Outre la décision "Vandycke", la jurisprudence administrative fut longtemps incertaine et attachée à préserver le rôle du contribuable. Ainsi, la jurisprudence du Conseil d'Etat limite les effets du dessaisissement du contribuable en ce qui concerne son droit d'ester en justice devant la juridiction administrative puisque ce dernier, sauf opposition de son liquidateur, peut seul saisir le juge administratif (CE Section, 17 mars 1978, n° 00014 N° Lexbase : A2908AIK, n° 01525 N° Lexbase : A2909AIL, n° 95331 N° Lexbase : A2907AII, SA Entreprise Renaudin, au Recueil p. 140). Surtout, le Conseil d'Etat a jugé, d'une part, que la notification du rejet de la réclamation formée par une société mise en liquidation judiciaire à son syndic n'était pas opposable à la société et ne faisait pas courir le délai de recours à son encontre (CE, 22 novembre 1991, n° 79477, SARL Aram et M. Dumoulin N° Lexbase : A9142AQN, RJF, 1992, n° 135) et, d'autre part, qu'était régulière la procédure d'imposition suivie à l'encontre du contribuable même si à la date à laquelle les redressements lui avaient été notifiés, la société dont il était le dirigeant et l'associé était en état de liquidation de biens et était administrée par un syndic (CE, 9 décembre 1988, n° 40068, Emile Dufour N° Lexbase : A7438AP8, RJF, 1989/2, p. 22).
Par ailleurs, la cour administrative d'appel de Versailles avait jugé, plus récemment, que le contrôle de la déclaration de revenu global dont la production incombe même au contribuable exploitant une entreprise individuelle en liquidation judiciaire, que ce contrôle donc ne pouvait être poursuivi qu'avec ce contribuable et que le mandataire-liquidateur n'avait donc pas à être rendu destinataire de la notification de redressement concernant une plus-value de cession de titres d'une SARL dont le contribuable était également cogérant (CAA Versailles, 12 avril 2005, n° 03VE02259, Me Buit es qualité N° Lexbase : A0003DIX, RJF, 2005, n° 906).
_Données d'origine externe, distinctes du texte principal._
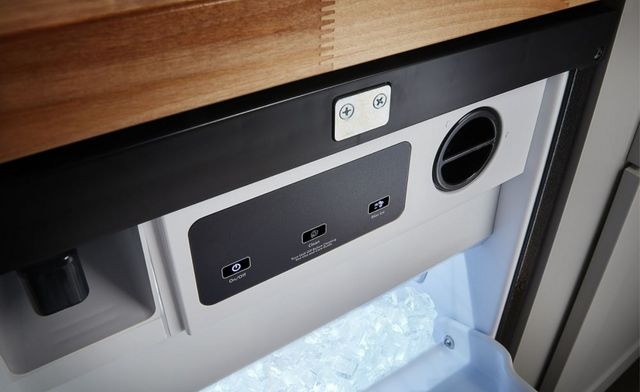 KitchenAid® 18" PrintShield Stainless Automatic Ice Maker-4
Cette analyse, nettement infirmée par la décision du 14 mars 2008, se retrouvait également dans un jugement du tribunal administratif de Nantes selon lequel une notification de redressement en matière d'impôt sur le revenu pouvait être régulièrement adressée au foyer fiscal même si les redressements avaient tiré les conséquences de la situation de l'entreprise individuelle exploitée par l'un des conjoints et mise en liquidation judiciaire (TA Nantes, 23 janvier 2004, Moulet, RJF, 2004, n° 1020, DF, 2004, n° 612, conclusions Livenais). Au total, une grande partie de la jurisprudence administrative s'attachait donc à distinguer la situation des contribuables de la situation des entreprises dont ils pouvaient être les dirigeants ou les associés et plus précisément à faire en sorte que la seconde n'influe pas sur la première en matière de contrôle fiscal.
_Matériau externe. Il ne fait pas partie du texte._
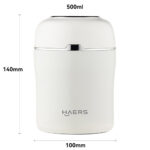 キッチンODM用ステンレス製フードジャー - Haers Drinkware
1.2.2. Une jurisprudence administrative marquée par le souci de tenir compte des droits du contribuable
Si la jurisprudence administrative a longtemps répugné à écarter complètement de la procédure de vérification le contribuable, c'est d'abord parce qu'elle ne pouvait ignorer la principale obligation de celui-ci qui est de s'acquitter de l'impôt. Il faut, en effet, rappeler que c'est le contribuable qui demeure, en tout hypothèse, le redevable de l'impôt (CE Plénière, 18 juin 1984, n° 22019, Darroussez N° Lexbase : A7588ALM, RJF, 1984, n° 1005, avec conclusions Bissara p. 469). La Cour de cassation rappelle aussi que c'est le contribuable qui est pénalement responsable du délit de fraude fiscale (Cass. crim., 11 janvier 1996, n° 95-80.979, Neveu N° Lexbase : A9092ABD, JCP éd. G, n° 20, p. 133 ; Cass. crim., 1er mars 2000, n° 98-85.818 N° Lexbase : A8748AHH, Bull. crim., n° 99, p. 295, JCP 2000, IV, n° 2045).
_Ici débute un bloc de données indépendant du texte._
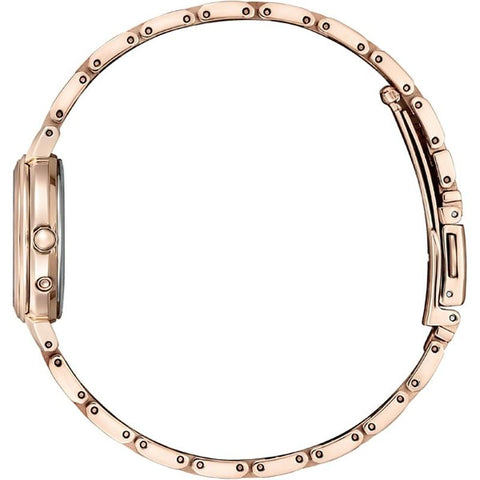 Citizen Women's xC Eco-Drive Radio-Controlled Watch Stainless Steel Line Happy Flight Series ES9435-51A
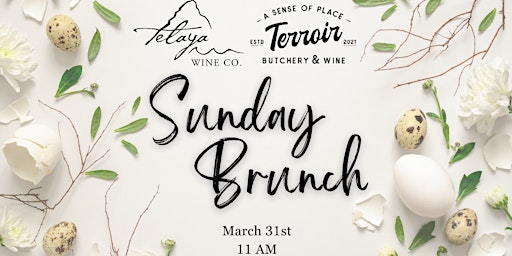 Sunday Brunch with Terroir primary image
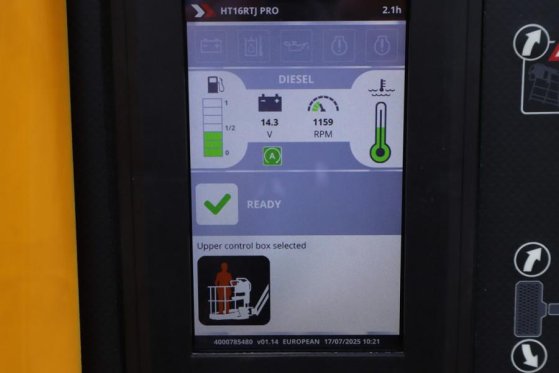 Haulotte HT16RTJ PRO NEW / UNUSED, Guarantee! Diesel, 4x4x4 Haulotte HT16RTJ PRO NEW / UNUSED, Guarantee! Diesel, 4x4x4 20...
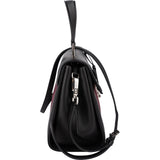 Miu Miu Matelassé Bicolor Nappa Leather Confidential Coffer Handbag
Par ailleurs, l'obligation de déclaration des revenus du foyer fiscal posée par l'article 170 du CGI (N° Lexbase : L9242HZC) est une obligation personnelle. Or, la notification de redressement constitue une rectification de la déclaration opérée par le contribuable et les dispositions de l'article L. 57 du LPF (N° Lexbase : L5567G4X) indiquent clairement que "l'administration adresse au contribuable une notification de redressement". La Chambre criminelle de la Cour de cassation, dans l'arrêt précité du 11 janvier 1996, a ainsi jugé que les déclarations annuelles des ressources du foyer restaient, contrairement aux déclarations relatives à une activité professionnelle, une obligation personnelle échappant aux prévisions de l'article 152 de la loi du 25 janvier 1985. Un commerçant qui se fonde sur le dessaisissement de la gestion de ses biens résultant de sa mise en liquidation judiciaire pour ne pas faire de déclaration de revenus encourt donc des poursuites pour fraude fiscale. C'est d'ailleurs en se fondant sur le caractère personnel de cette obligation que la cour administrative d'appel de Paris, dans l'arrêt annulé par la décision du 14 mars 2008, avait jugé, comme la cour administrative d'appel de Versailles dans l'arrêt précité du 12 avril 2005, que la notification de redressement avait été régulièrement adressée au seul contribuable.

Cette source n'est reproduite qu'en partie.